* **BRIEF**:
Please reproduce the data exactly and omit the pictures.

= Beginning of Section =

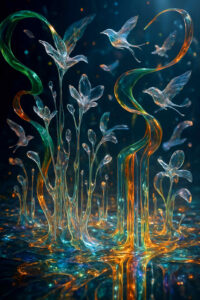 Gläserne Pflanzen in bunten Farben wachsen aus dem Boden, während durchsichtige, schimmernde Vögel im gleichen Material darüber schweben.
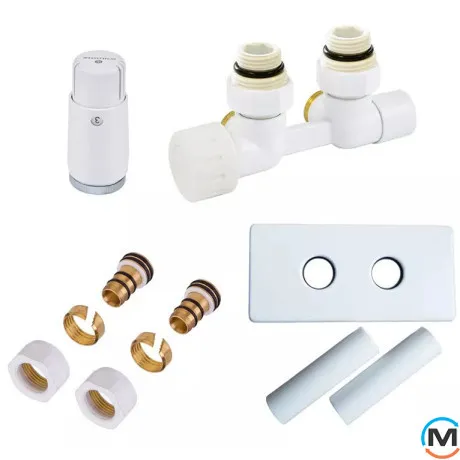 Комплект Schlosser Duo-plex Mini (Comple Selection) угловой левый GZ 1/2 x 16х2 mm PEX белый головка MINI M30x1,5+ Комплект трубок с двойной розеткой, фото 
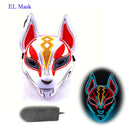 Anime Expro Decor Japanische Fuchsmaske Neon Led Licht Cosplay Maske Halloween Party Rave Led Maske Tanz DJ Zahltag Kostüm Requisiten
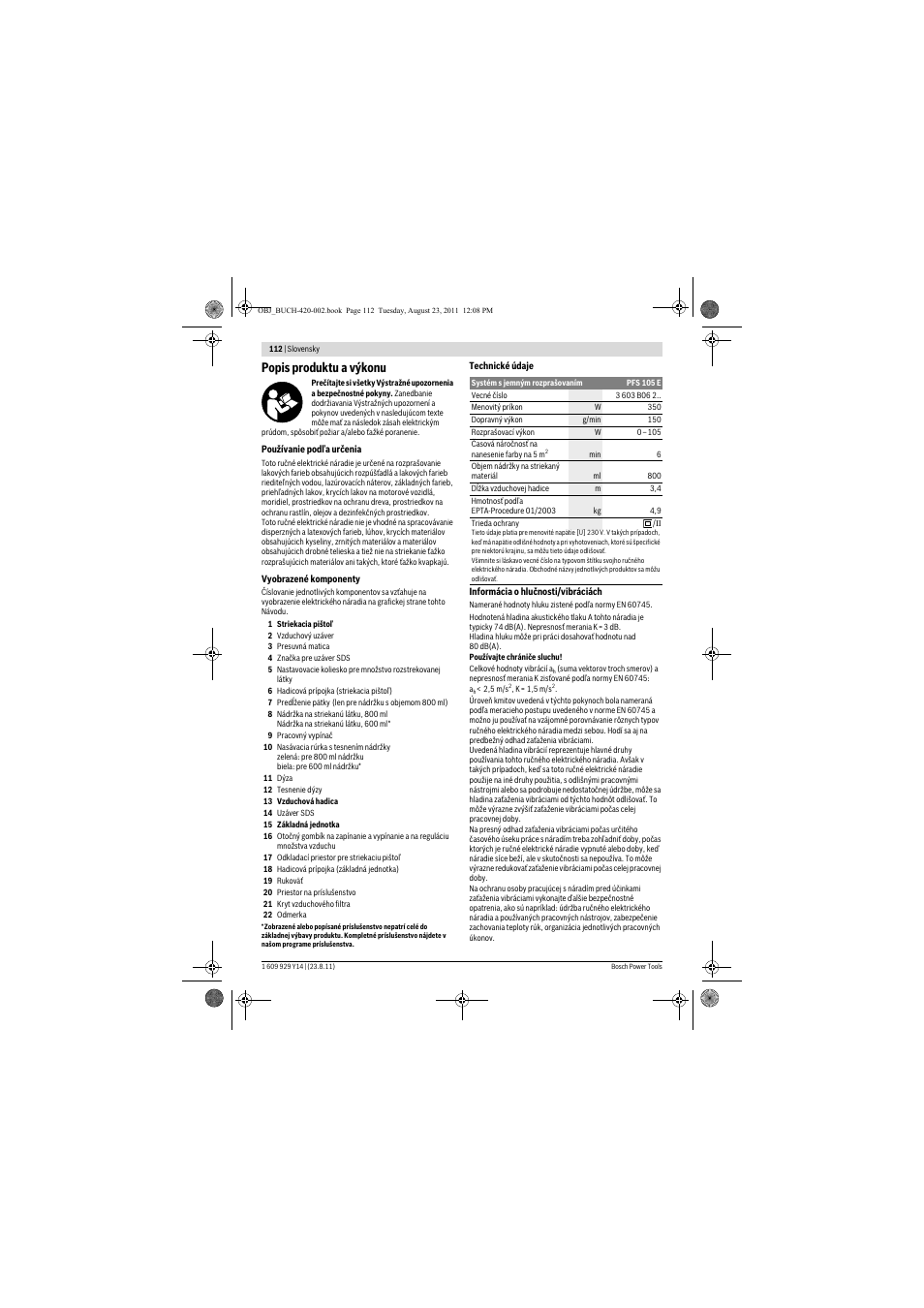 Popis produktu a výkonu | Bosch PFS 105 E User Manual | Page 112 / 193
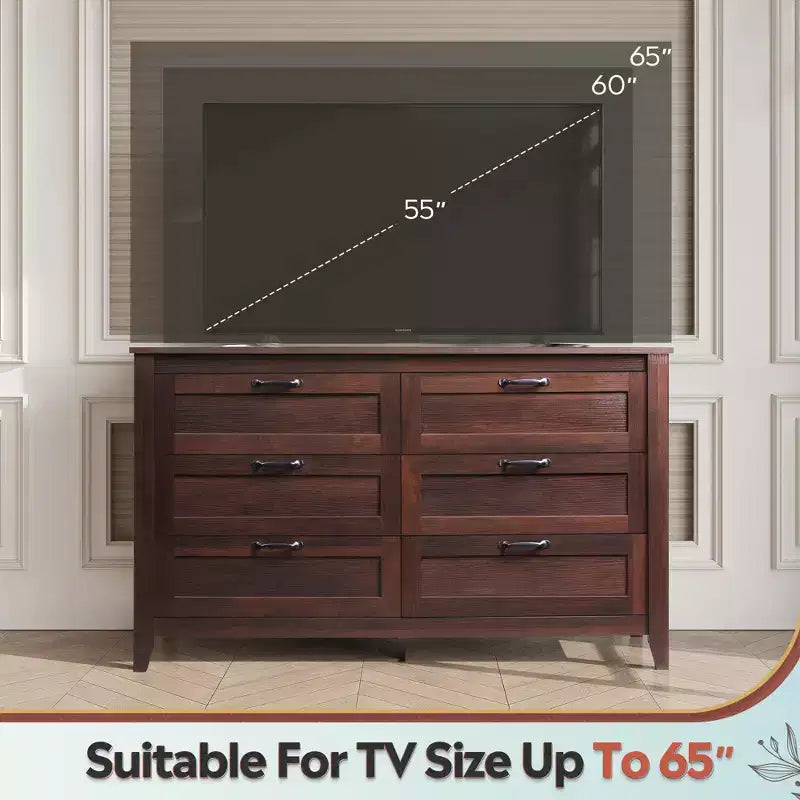 Cómoda de 6 cajones, gabinete grande de almacenamiento para dormitorio, sala de estar o recibidor, cómoda retro de madera con tiradores metálicos y diseño antivuelco, 54 pulgadas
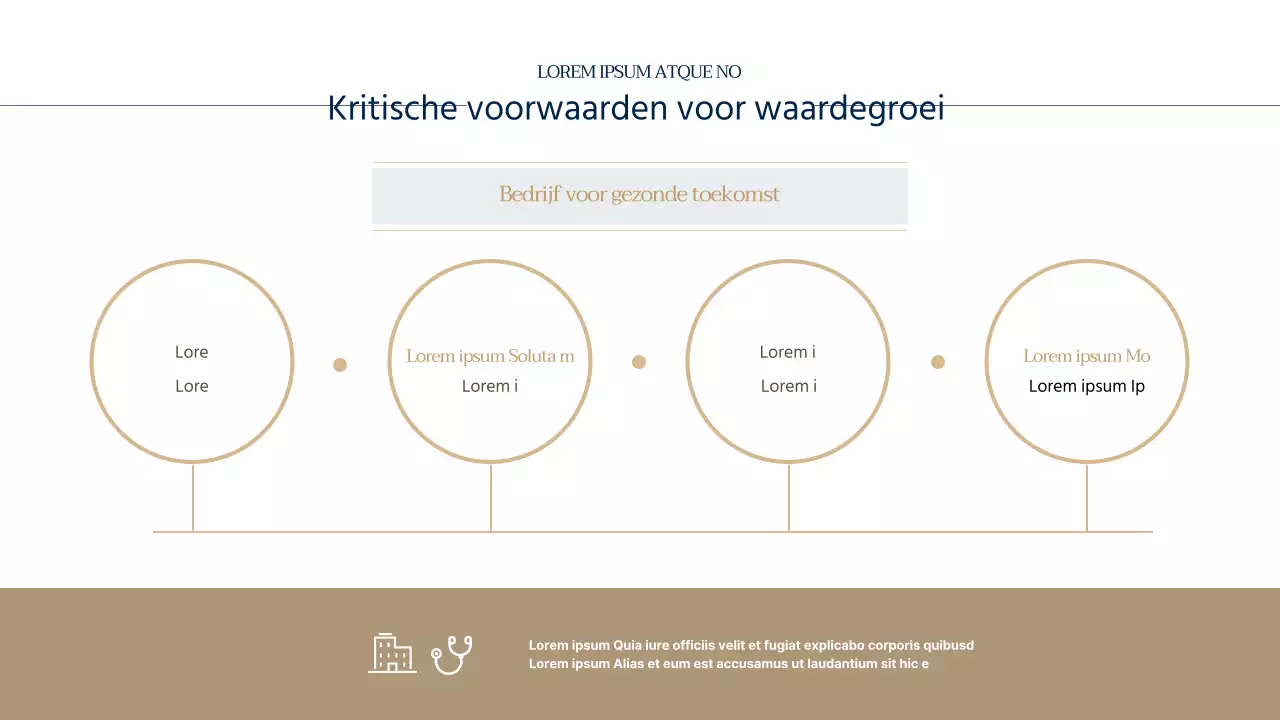 Taartdiagram met trefwoordingangen in blauw en beige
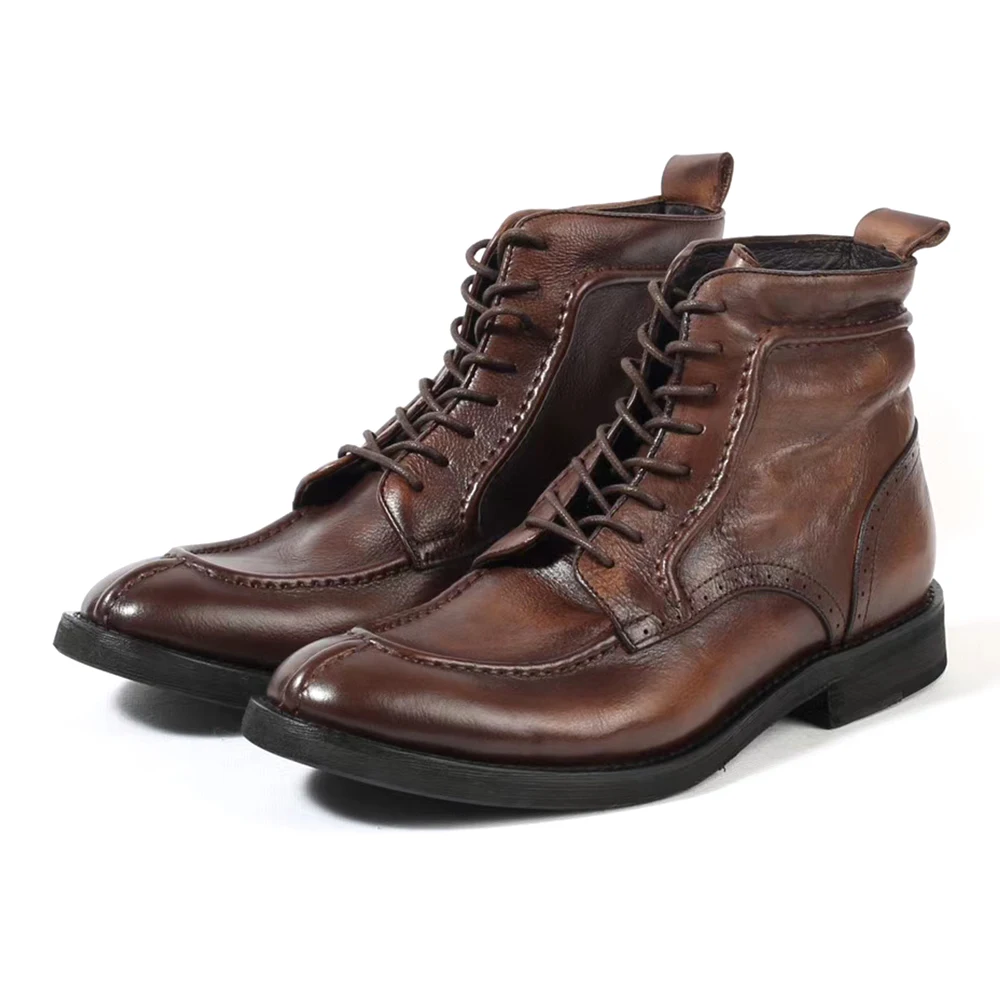 Wholesale Custom Men Waterproof Light Leather Boots Fashion Men Dress Boots Shoes Soft Leather Boots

= End of Section =

* **ANSWER TO THIS PROBLEM**:
 Gläserne Pflanzen in bunten Farben wachsen aus dem Boden, während durchsichtige, schimmernde Vögel im gleichen Material darüber schweben.
 Комплект Schlosser Duo-plex Mini (Comple Selection) угловой левый GZ 1/2 x 16х2 mm PEX белый головка MINI M30x1,5+ Комплект трубок с двойной розеткой, фото 
 Anime Expro Decor Japanische Fuchsmaske Neon Led Licht Cosplay Maske Halloween Party Rave Led Maske Tanz DJ Zahltag Kostüm Requisiten
 Popis produktu a výkonu | Bosch PFS 105 E User Manual | Page 112 / 193
 Cómoda de 6 cajones, gabinete grande de almacenamiento para dormitorio, sala de estar o recibidor, cómoda retro de madera con tiradores metálicos y diseño antivuelco, 54 pulgadas
 Taartdiagram met trefwoordingangen in blauw en beige
 Wholesale Custom Men Waterproof Light Leather Boots Fashion Men Dress Boots Shoes Soft Leather Boots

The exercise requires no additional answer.